The frustrated imbecile gave up on the car and stole the
owner’s cell phone and ran off. The cop’s brought his crime spree to an end
arresting him after using a highly sophisticated crime-fighting technique
called “find my phone.” I said the guy was a carjacker, I never said he was a
good one.
Meanwhile a Russian car insurance company recently sponsored
a curling tournament, which isn’t weird or news until you consider that they
were using cars instead of curling stones to slide down the ice. Those whacky
Russians!
For some reason an insurance agent in a place called
Ekaterinburg thought that watching local fat guys in spandex competitively
sliding cars down a huge slab of ice would inspire spectators to buy auto
insurance. Buying insurance wasn’t the first thing I thought about when I
watched the video…but I didn’t have vodka n my Cheerios this morning so I
probably don’t think like your average Ekaterinburg motorist.

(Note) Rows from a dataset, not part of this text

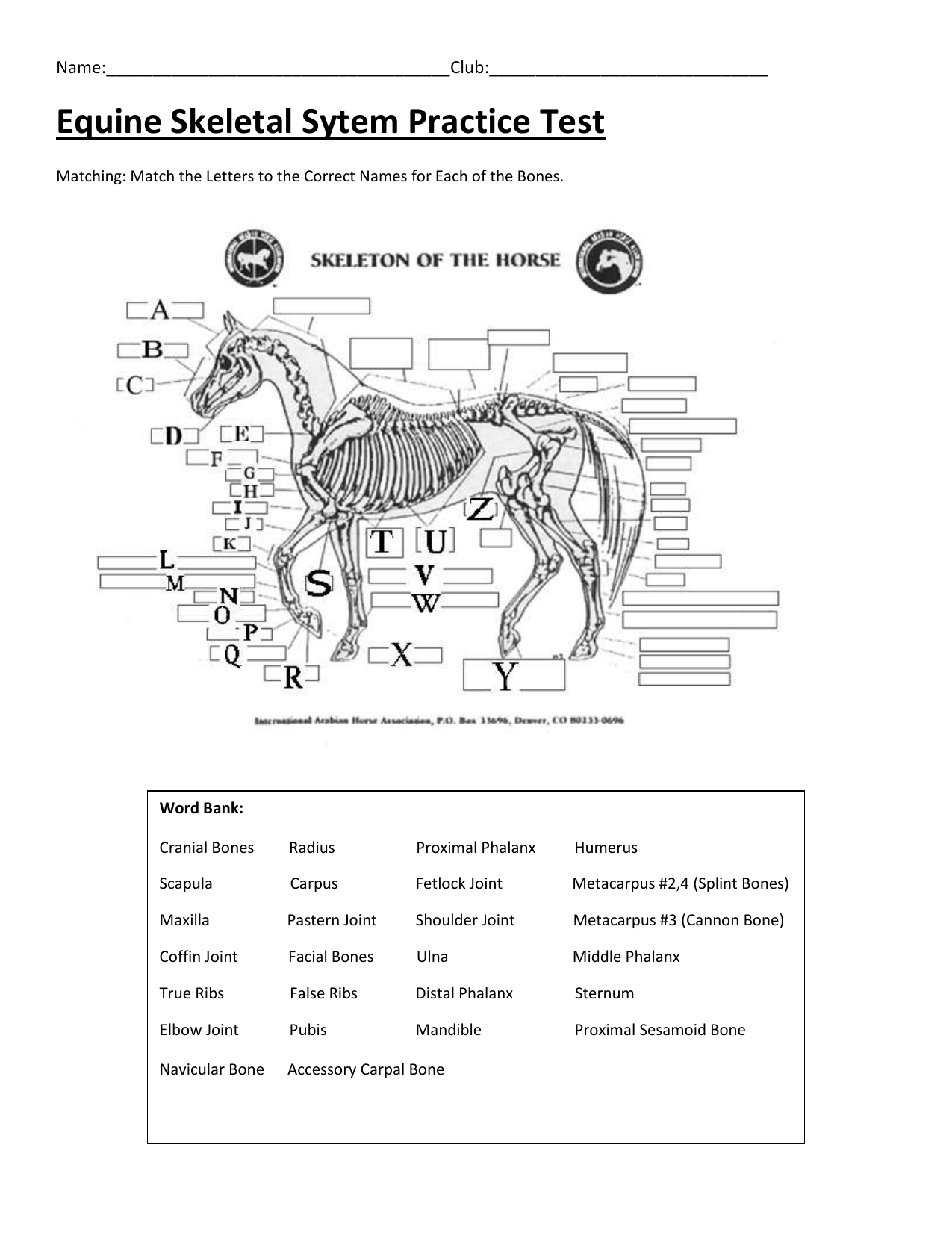 Answer the question at the bottom of the denver system worksheet. Practice Exam 3 Equine Skeletal System Answer Key
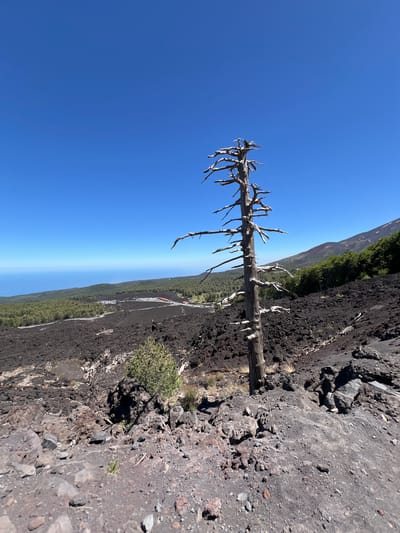 A tall, dead tree with gnarled branches stands in the foreground, on a barren, rocky slope of black volcanic soil. In the mid-ground, a winding road cuts through the landscape, leading to a parking area with several cars and some red-roofed structures. Beyond the road, a dense green forest covers the lower slopes of a mountain. In the far distance, the blue ocean meets the horizon under a clear, bright blue sky. The scene appears to be on Mount Etna, near Linguaglossa, Italy, a region known for its volcanic activity and diverse landscapes. There are no people visible in the image.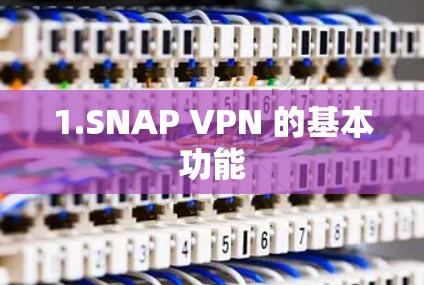 1.SNAP VPN 的基本功能 1.SNAP VPN 的基本功能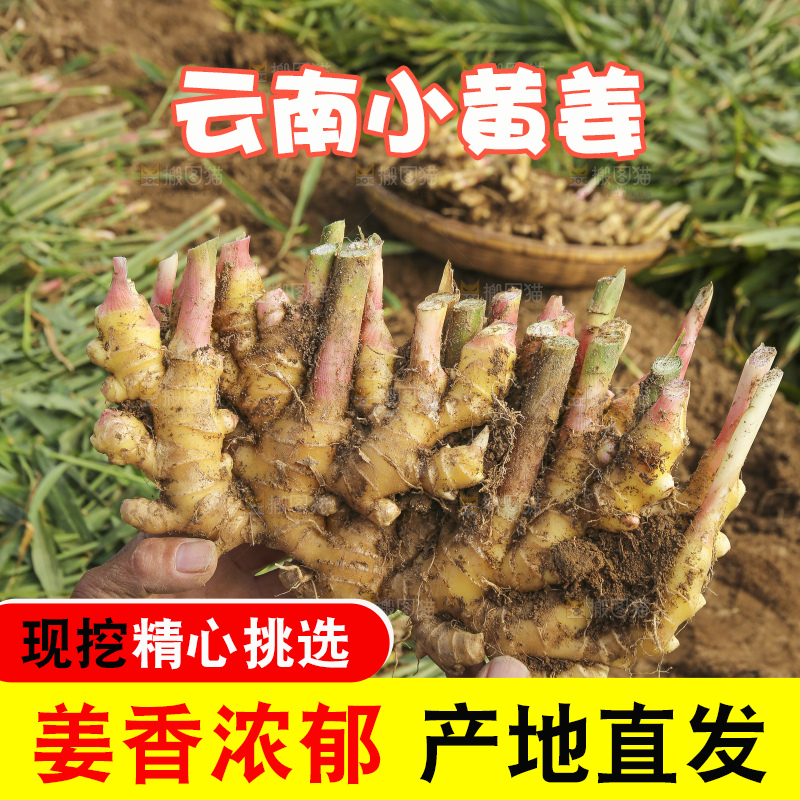 手里拿着新鲜小黄姜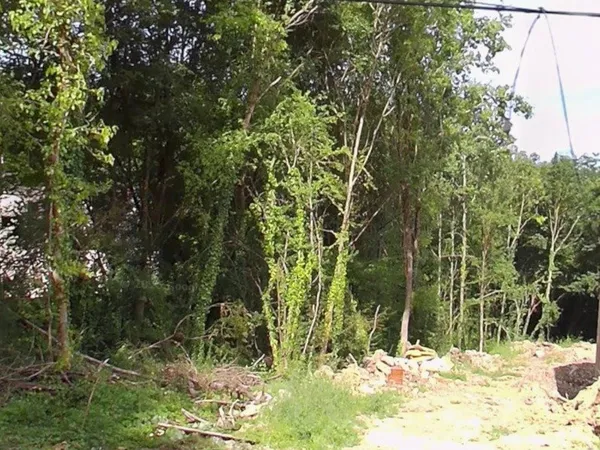 Terrain 1004 m² 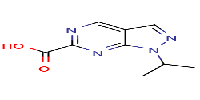 1-isopropylpyrazolo[3,4-d]pyrimidine-6-carboxylicacidͼƬ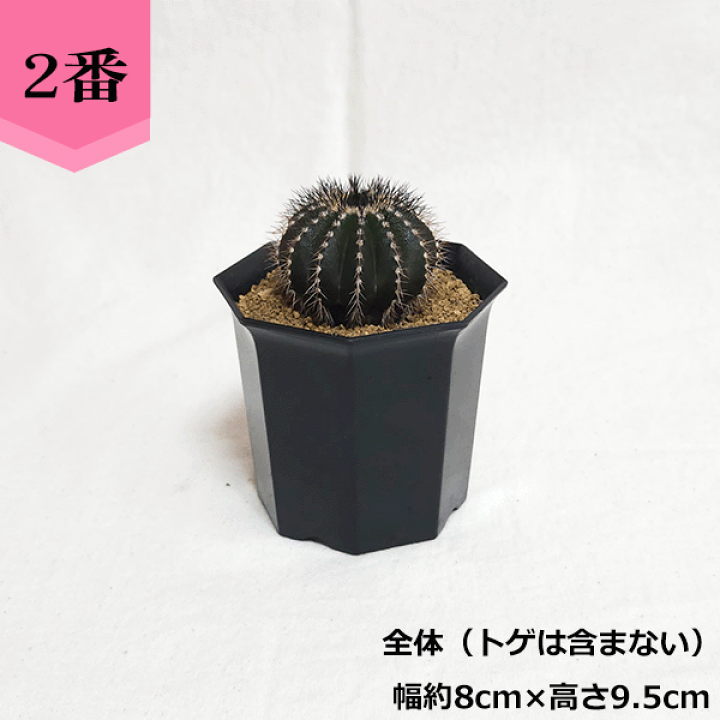 楽天市場】サボテン ペクチニフェラ 2.5号 3号 プラ鉢 鉢 種 土
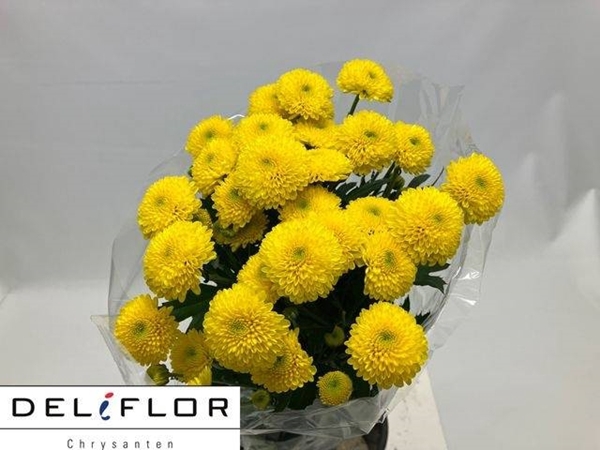 <h4>CHR T LIMONCELLO</h4>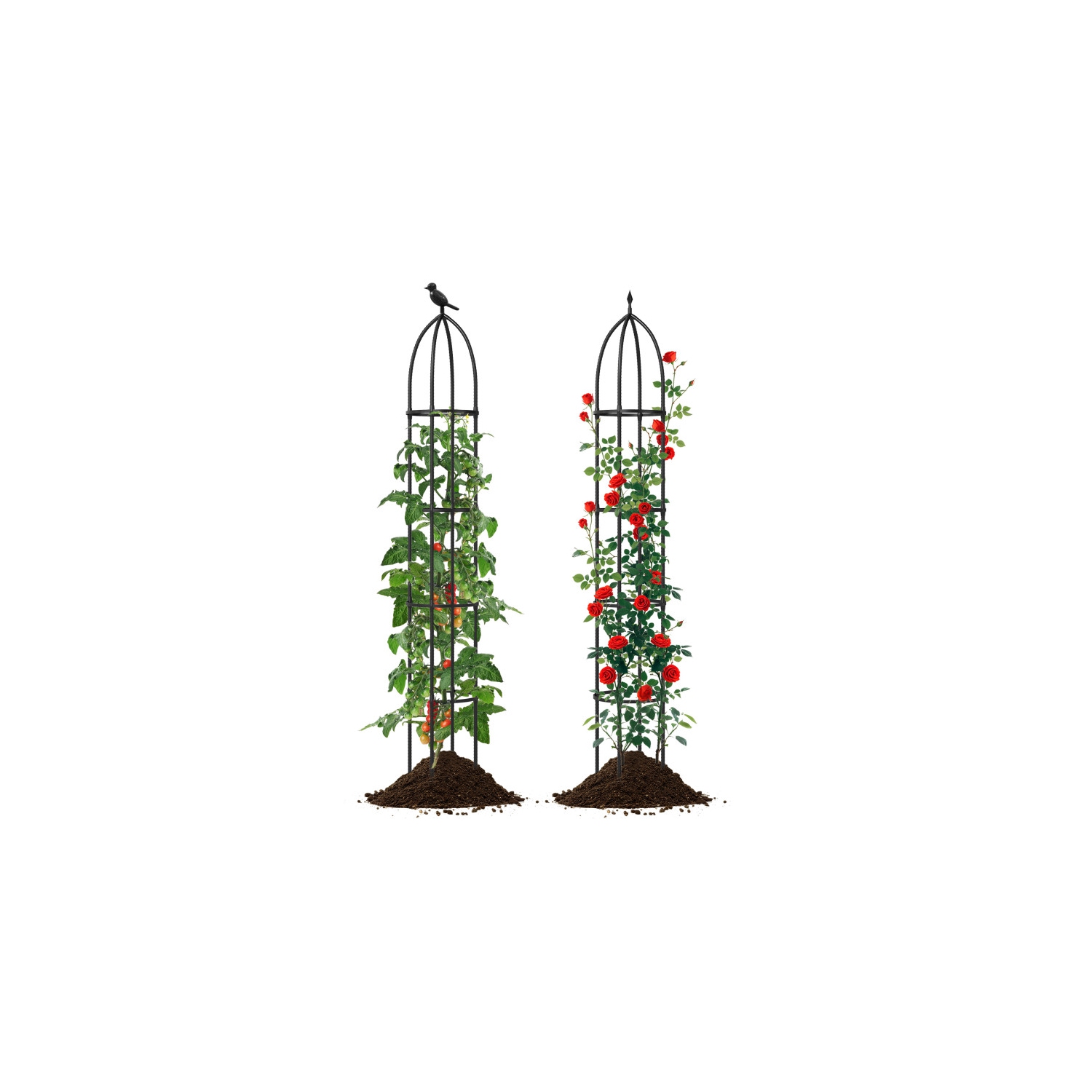Metal Obelisk Trellis 2-Pack for Climbing Roses, Cucumbers & Flowering Vines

Obviously you can’t have guys running in front of a sliding
car sweeping with magic curling brooms to guide each shot…that would be silly.
Instead they strap a teammate behind the wheel and have him try to steer a car
with no brakes or engine crashing into other cars in hopes of stopping closest
to the target. What could possibly go wrong?
If car curling Russians and carjackers who can’t drive
aren’t weird enough for you let me tell you about public bathrooms in China.
That’s right, I went there. Officials at the Temple of Heaven Park in Beijing
have been combatting the wanton overuse of toilet paper in the public bathrooms.
The responsible party officials jumped into action and used advanced technology
to combat the abuse of the toilet paper by an ungrateful public. They installed
facial recognition devices in each stall that scans the user’s face for three
seconds before it automatically dispenses a “proper ration” of toilet paper.
According to the Chinese government 24-27’ inches of two-ply TP is an adequate
portion to finish your paperwork…so to speak.
The machine will not dispense for the same face twice or to
anyone for a full nine minutes so you’d better hope you can complete your
administrative duty (Do you see how I managed to work in the word duty which
sounds like dooty? Hilarious, I know but don’t try this at home, I’m a
professional.) It’s a good thing they don’t serve Mexican food in China…. or do
they?
As much as I hate to admit it, getting felt up at TSA and
being spied on by my microwave aren’t nearly as bad as having to use a face
scanner to wipe my butt. This is so intrusive that even the Chinese people are
complaining that the government has gone too far this time. These are the same
Chinese people who accepted being restricted to having only one child per
couple so suffice it to say that getting scanned while sitting in the crapper
is a really bad idea.
I’ve managed to write an entire column about news from
around the world without calling anyone a libtard or an orange skinned tyrant.
Who knew that was possible in 2017? You know it’s real news because not even
CNN or Sean “Spinmaster” Spicer could ever make up facial scanners in the
shitter, but it would make more sense than some of the crap they peddle… see
what I did there?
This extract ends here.